Moduli space of genus $0$ degree $d$ maps in a quintic Calabi-Yau threefold $X$, written as $\overline{\mathcal{M}}_{0,0}(X,[d])$, can be embedded in the corresponding moduli space of $\mathbb{P}^4$, i.e. $\overline{\mathcal{M}}_{0,0}(\mathbb{P}^4,[d])$. The latter is an orbifold. There is orbibundle $E_{0,d}$ on $\overline{\mathcal{M}}_{0,0}(\mathbb{P}^4,[d])$ whose fiber over every map $[u\colon \Sigma\to X]$ is $H^0(u^*TX)$. If $F\in \mathcal{O}_{\mathbb{P}^4}(5)$ is the defining equation of $X$, it gives us a section $$ s_F\colon \overline{\mathcal{M}}_{0,0}(\mathbb{P}^4,[d])\to E_{0,d},\quad s_F(u)=u^*F $$ whose zero set is $\overline{\mathcal{M}}_{0,0}(X,[d])$. Thus, via theory of Kuranishi structures (or other similar approaches), we can think of the tuple $(E_{0,d},\overline{\mathcal{M}}_{0,0}(\mathbb{P}^4,[d],s_F)$ as an abstract kuranishi structure on $\overline{\mathcal{M}}_{0,0}(X,[d])$. Let $N_{0,d}$ be the euler class of this bundle (which is just a number).
On the otherhand, we can directly build a set of natural Kuranishi structures on $\overline{\mathcal{M}}_{0,0}(X,[d])$ which allows us to associate a VFC to $\overline{\mathcal{M}}_{0,0}(X,[d])$. This construction works for every moduli space of maps. In this case, VFC is again a number $N'_{0,d}$ and these are genus $0$ GW invariants of quintic.
The well-known calculation of GW invariants of quintic via localization uses $N_{0,d}=N_{0,d}'$.
**** Question: Where is it shown/outlined that the two are the same? (I am primarily interested in an analytic approach).

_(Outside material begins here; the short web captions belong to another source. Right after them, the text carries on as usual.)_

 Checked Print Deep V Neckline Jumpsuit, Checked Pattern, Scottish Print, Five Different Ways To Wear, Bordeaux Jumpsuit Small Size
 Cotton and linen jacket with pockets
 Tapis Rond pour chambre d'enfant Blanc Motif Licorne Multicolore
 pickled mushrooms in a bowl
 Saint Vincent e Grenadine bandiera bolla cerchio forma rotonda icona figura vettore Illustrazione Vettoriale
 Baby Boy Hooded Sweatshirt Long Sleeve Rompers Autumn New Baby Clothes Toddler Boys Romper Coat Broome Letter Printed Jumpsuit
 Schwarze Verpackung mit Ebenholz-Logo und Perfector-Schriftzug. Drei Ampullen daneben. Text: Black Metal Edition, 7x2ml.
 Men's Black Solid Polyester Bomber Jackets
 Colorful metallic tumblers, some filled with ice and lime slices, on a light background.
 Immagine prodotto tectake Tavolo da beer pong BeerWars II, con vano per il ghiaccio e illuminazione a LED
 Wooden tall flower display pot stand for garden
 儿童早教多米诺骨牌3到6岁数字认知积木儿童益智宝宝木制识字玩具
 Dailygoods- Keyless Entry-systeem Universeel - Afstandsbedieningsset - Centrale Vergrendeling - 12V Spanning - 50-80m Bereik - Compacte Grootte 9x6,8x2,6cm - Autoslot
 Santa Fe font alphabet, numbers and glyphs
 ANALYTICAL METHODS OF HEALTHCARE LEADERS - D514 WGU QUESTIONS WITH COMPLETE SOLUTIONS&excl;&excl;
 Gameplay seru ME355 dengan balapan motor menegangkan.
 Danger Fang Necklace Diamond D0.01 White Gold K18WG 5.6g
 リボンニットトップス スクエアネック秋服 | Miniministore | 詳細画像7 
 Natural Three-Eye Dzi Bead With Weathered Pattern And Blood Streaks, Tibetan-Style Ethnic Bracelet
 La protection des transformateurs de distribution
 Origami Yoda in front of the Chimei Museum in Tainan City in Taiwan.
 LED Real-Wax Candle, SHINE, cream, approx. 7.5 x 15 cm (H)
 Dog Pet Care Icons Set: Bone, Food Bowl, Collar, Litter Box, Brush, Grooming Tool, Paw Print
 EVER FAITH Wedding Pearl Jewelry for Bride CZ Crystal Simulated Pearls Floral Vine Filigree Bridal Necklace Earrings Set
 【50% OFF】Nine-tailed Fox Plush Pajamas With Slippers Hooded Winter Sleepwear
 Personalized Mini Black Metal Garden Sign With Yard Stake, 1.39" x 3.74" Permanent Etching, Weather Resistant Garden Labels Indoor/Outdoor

**** Some references: In the algebraic case, this is stated as Theorem 26.1.1 in the big Mirror Symmetry book without proof. Cox-Kats (Example 7.1.5.1) gives a scheme of proving that. In the analytic side, Section 5.3 of
http://www.ams.org/journals/jams/2008-21-04/S0894-0347-08-00597-3/S0894-0347-08-00597-3.pdf
outlines a way of proving this in the theory of Kuranishi structures. I am looking for other places that this has been discussed with more details.